According to the below link, today is the last run of the Orient Express, from Paris to Instanbul. I always had the ambition of taking that route after the wife retires. Saddness, as another historic passenger train bites the dust.

Orient Express demise
JimC.


----------



## Dave F (Jan 2, 2008)

WIth something as iconic as the Orient Express I can't help but believe that it'll be around in one form or another. I'm sure they'll end up running "specials" or excursion tours on occasion.


----------



## Martin Goller (Feb 12, 2008)

The one you want to ride, is the classic luxury train.
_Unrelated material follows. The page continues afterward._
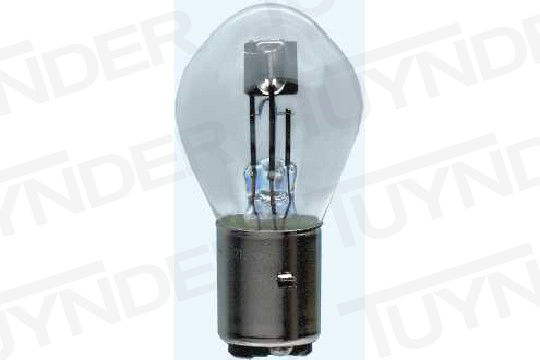 Afbeeldingen van 002588500000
And that one, I believe, you can still do... 
http://www.orient-express.com/colle...trains.jsp


The actual Orient Express was on the verge of being shut down since the 1980s when wide body charter planes hauled tourists to Turkey and Greece, and the coastal highway throu then Yugoslavia was improved. 

Martin


----------



## Steve Stockham (Jan 2, 2008)

Well, whatever "Orient Express" it is, it's closing is sad....and also a sign of the consequences of this economic downturn. Patsy and I wanted to ride the "American Orient Express" that ran through five National Parks on it's journey. It would have replaced a cruise but alas it, too, is now gone...


----------



## StanleyAmes (Jan 3, 2008)

You can still travel via train from Paris to Instanbul. And the clasical luxury train is still inoperation. 

What was canceled is the train with no connections from Paris to Instanbul. The reason was high speed rail. The TGV now goes from Paris to Stuggart and the interduction of high speed rail for the first portion of the trip has resulted in the slower Instanbul train now connecting to the higher speed rail rather then trying to compete over a good portion of the trip. 

Alas the trip now takes two connections but the bulk of the time is still on one train. 

Stan Ames


----------